Angle sum Property of Quadrilateral

Have you ever noticed how many things around you have four sides? Your phone screen, a book, a football field, or the face of a brick! All these shapes are called quadrilaterals.

Understanding the properties of these shapes is crucial in fields like architecture, engineering, and even computer graphics. The most important rule about any closed, four-sided shape is what all its interior angles add up to. This is called the Angle Sum Property of a Quadrilateral.

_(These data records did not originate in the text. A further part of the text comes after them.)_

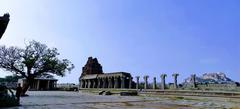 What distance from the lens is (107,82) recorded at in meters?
60.9

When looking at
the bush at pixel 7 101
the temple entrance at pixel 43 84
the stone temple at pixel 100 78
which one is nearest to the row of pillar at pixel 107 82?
the stone temple at pixel 100 78

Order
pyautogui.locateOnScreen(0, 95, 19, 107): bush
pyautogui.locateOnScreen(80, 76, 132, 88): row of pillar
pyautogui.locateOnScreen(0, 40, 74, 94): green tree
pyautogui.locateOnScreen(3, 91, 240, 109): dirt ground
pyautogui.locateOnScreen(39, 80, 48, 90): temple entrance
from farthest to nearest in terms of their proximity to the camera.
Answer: pyautogui.locateOnScreen(39, 80, 48, 90): temple entrance, pyautogui.locateOnScreen(80, 76, 132, 88): row of pillar, pyautogui.locateOnScreen(0, 40, 74, 94): green tree, pyautogui.locateOnScreen(3, 91, 240, 109): dirt ground, pyautogui.locateOnScreen(0, 95, 19, 107): bush

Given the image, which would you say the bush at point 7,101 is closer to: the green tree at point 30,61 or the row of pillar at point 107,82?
the green tree at point 30,61

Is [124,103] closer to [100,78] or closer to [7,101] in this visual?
[7,101]

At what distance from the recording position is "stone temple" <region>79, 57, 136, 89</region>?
51287 mm

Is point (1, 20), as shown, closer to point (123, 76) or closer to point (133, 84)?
point (123, 76)

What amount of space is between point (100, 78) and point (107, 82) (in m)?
2.56

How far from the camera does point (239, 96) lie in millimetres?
24219

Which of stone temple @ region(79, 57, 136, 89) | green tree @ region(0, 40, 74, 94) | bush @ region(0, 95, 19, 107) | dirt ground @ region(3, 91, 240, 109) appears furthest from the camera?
stone temple @ region(79, 57, 136, 89)

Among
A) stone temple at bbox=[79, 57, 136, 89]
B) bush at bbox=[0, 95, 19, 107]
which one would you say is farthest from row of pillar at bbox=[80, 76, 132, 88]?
bush at bbox=[0, 95, 19, 107]

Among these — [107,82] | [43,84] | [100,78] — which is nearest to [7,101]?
[100,78]

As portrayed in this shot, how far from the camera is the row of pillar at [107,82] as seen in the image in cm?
5079

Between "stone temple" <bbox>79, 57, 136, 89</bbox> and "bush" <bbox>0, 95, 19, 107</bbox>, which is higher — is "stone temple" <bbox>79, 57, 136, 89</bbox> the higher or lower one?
the higher one

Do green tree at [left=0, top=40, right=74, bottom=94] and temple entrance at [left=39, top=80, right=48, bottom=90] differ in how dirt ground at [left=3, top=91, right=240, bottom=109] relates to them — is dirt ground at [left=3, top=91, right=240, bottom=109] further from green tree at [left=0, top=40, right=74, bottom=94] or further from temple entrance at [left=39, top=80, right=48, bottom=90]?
temple entrance at [left=39, top=80, right=48, bottom=90]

• The interior of a quadrilateral is the region enclosed by its sides.

• The exterior of a quadrilateral is the space outside the figure.

• The shaded portion of the figure is called interior of the quadrilateral ABCD. 
• the part of the plane which is outside the quadrilateral ABCD is called exterior of quadrilateral ABCD. 

Step 1: Draw a Quadrilateral

• It has four sides and four angles: ∠A, ∠B, ∠C, and ∠D.

Step 2: Diagonal Divides the Quadrilateral  

• The diagonal BD divides the quadrilateral into two triangles:
  △ABD and △BDC

Step 3:  Angles in Each Triangle

• We know that the sum of the angles of a triangle is always 180°.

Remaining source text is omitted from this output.